## Material to process
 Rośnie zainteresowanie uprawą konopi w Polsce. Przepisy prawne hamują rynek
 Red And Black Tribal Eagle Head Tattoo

...

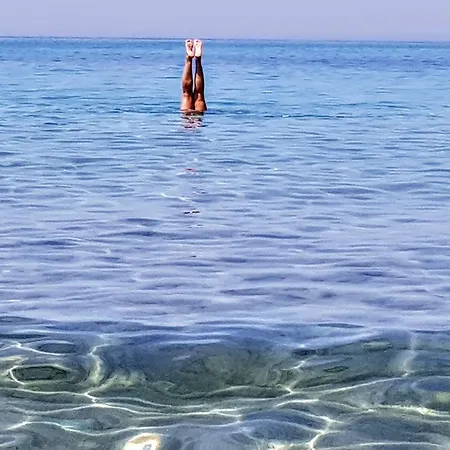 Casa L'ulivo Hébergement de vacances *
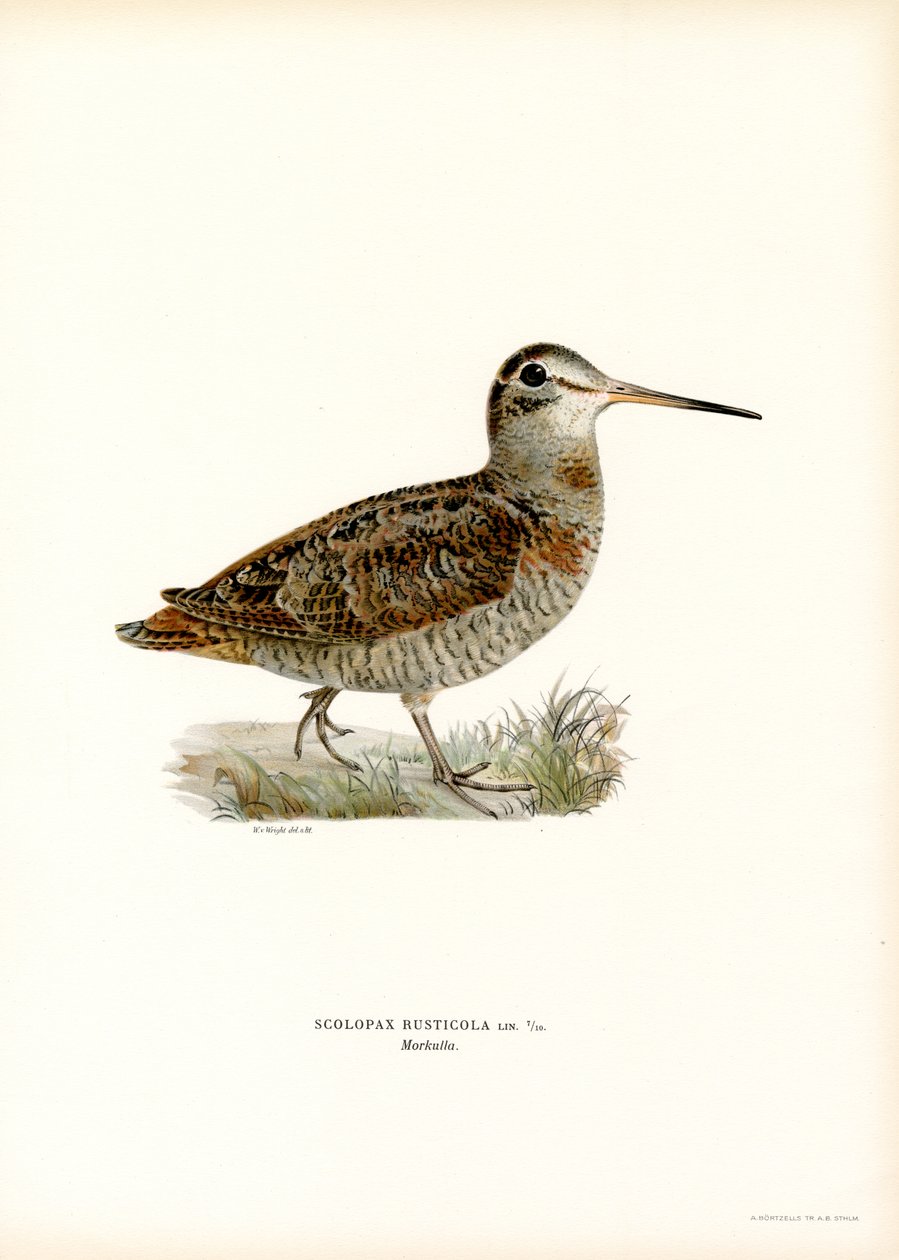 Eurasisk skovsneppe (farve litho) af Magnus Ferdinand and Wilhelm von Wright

---

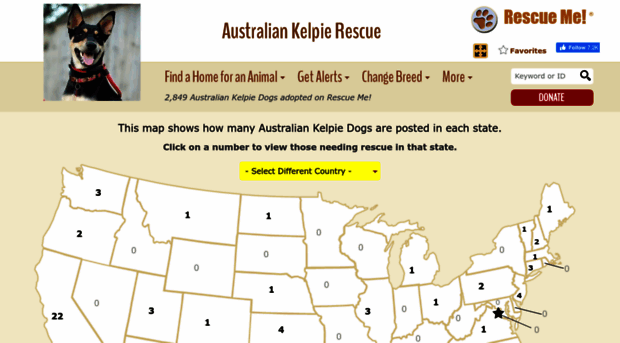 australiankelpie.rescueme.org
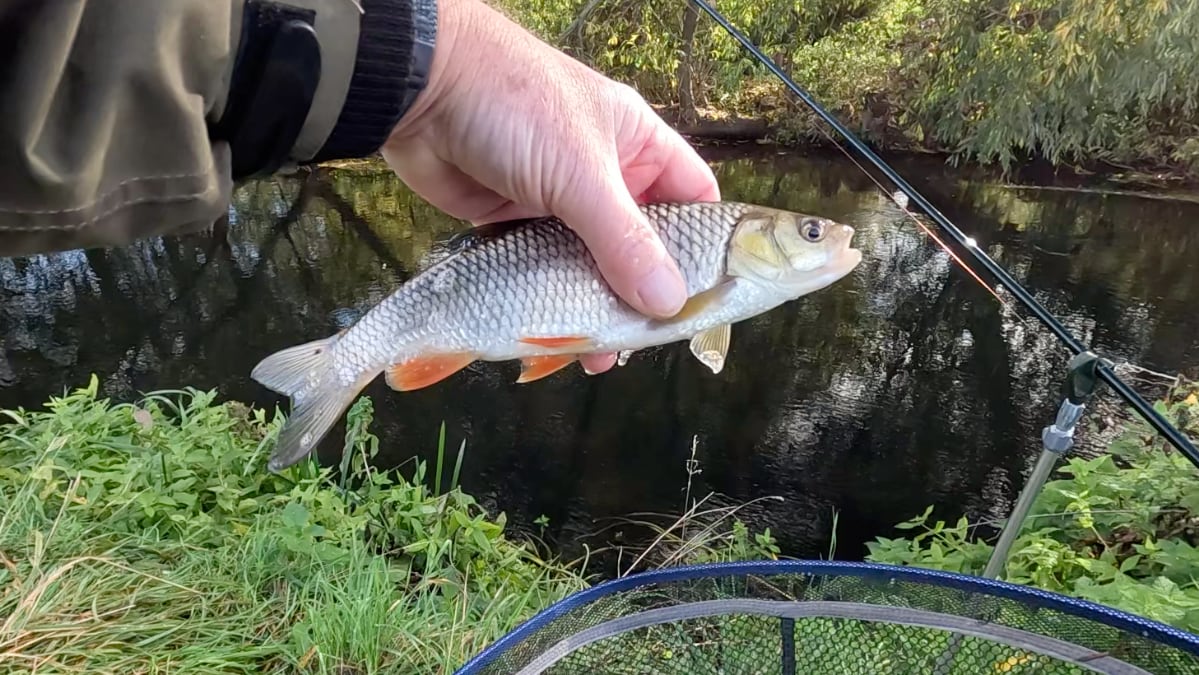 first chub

## Task item
Above are the records; return the lines in them from the one with "Casa L'ulivo Hébergement de vacances *" to the one with "Eurasisk skovsneppe (farve", inclusive, exactly and without images.

## Your response
 Casa L'ulivo Hébergement de vacances *
 Eurasisk skovsneppe (farve litho) af Magnus Ferdinand and Wilhelm von Wright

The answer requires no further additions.